[SOURCE DATA — start]
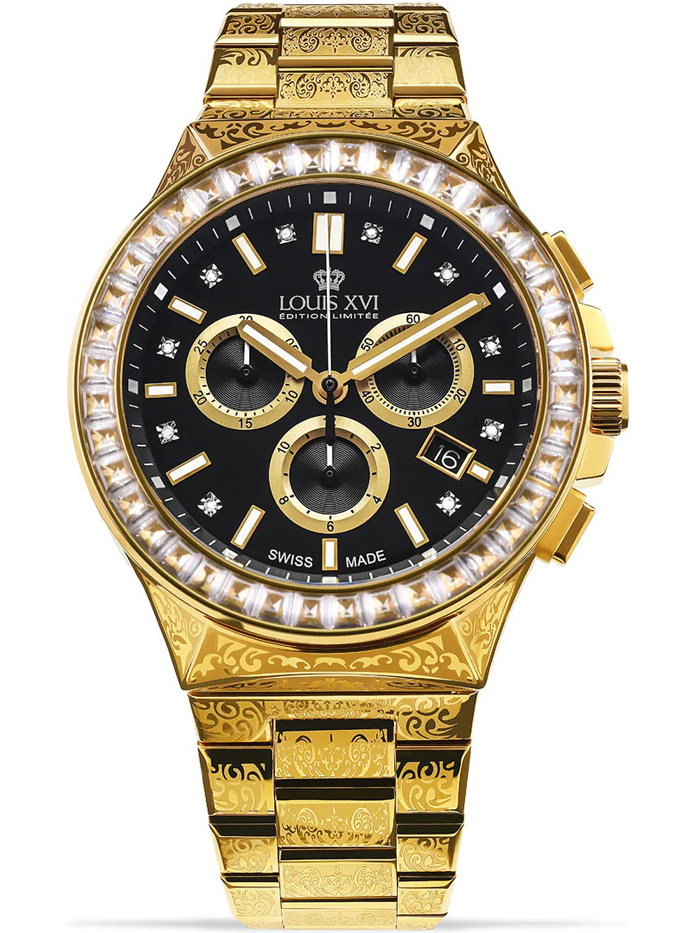 Louis XVI Le Monarque Royale Roloi Xronogafos Batarias me Xruso Metalliko Brasele LXVI1216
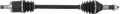 A car’s CV axle shaft with splined metal ends, black rubber boots covering the joints, and a straight black shaft connecting both sides. The image shows the part horizontally on a plain, light background.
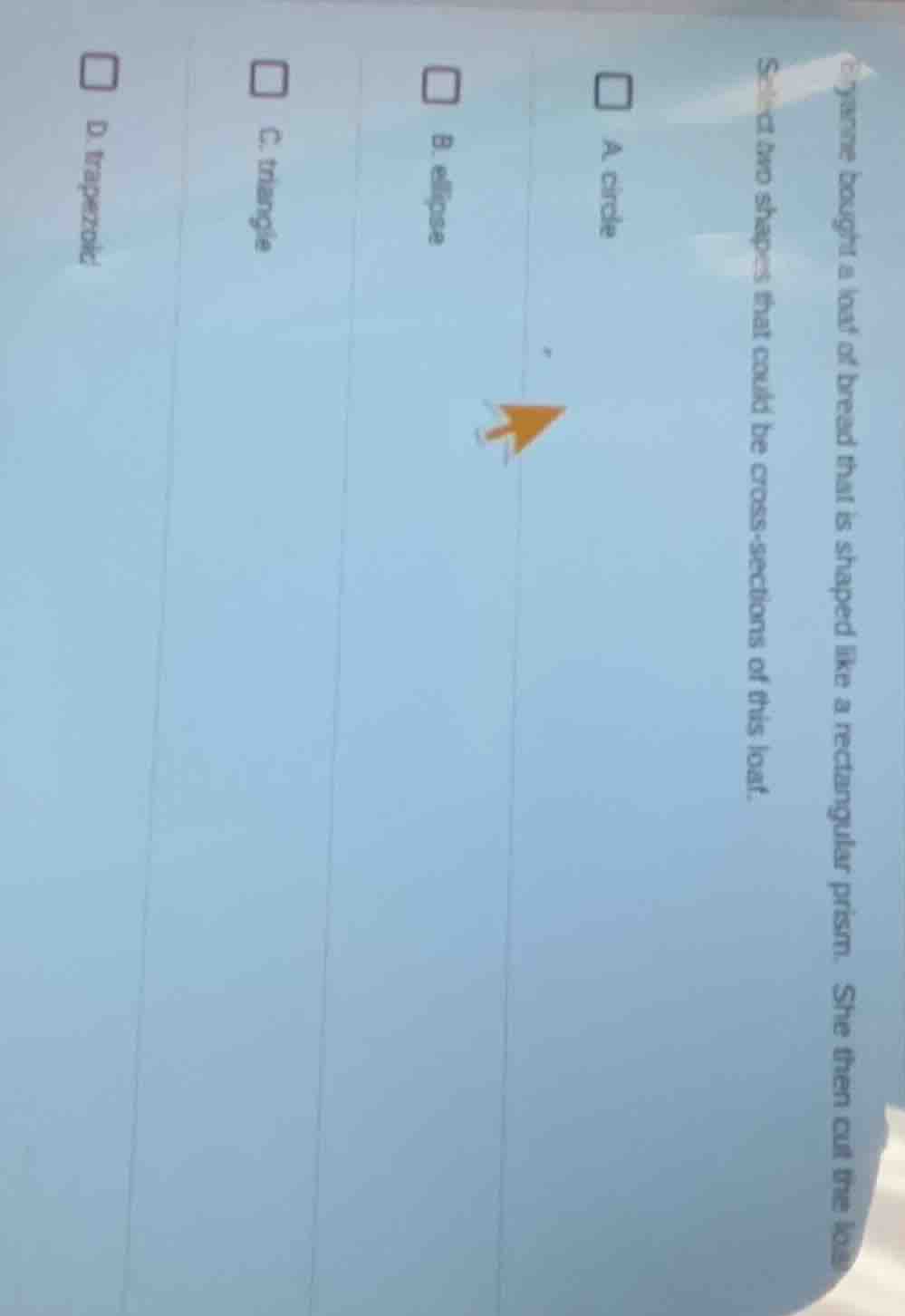 c) janine bought a loaf of bread that is shaped like a rectangular pris…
[SOURCE DATA — finish]
● **THE TASK**
Your answer should contain only the lines from the beginning of the listing above through the line with "A car’s CV axle", copied exactly and without the pictures.

● **WRITTEN RESPONSE**
 Louis XVI Le Monarque Royale Roloi Xronogafos Batarias me Xruso Metalliko Brasele LXVI1216
 A car’s CV axle shaft with splined metal ends, black rubber boots covering the joints, and a straight black shaft connecting both sides. The image shows the part horizontally on a plain, light background.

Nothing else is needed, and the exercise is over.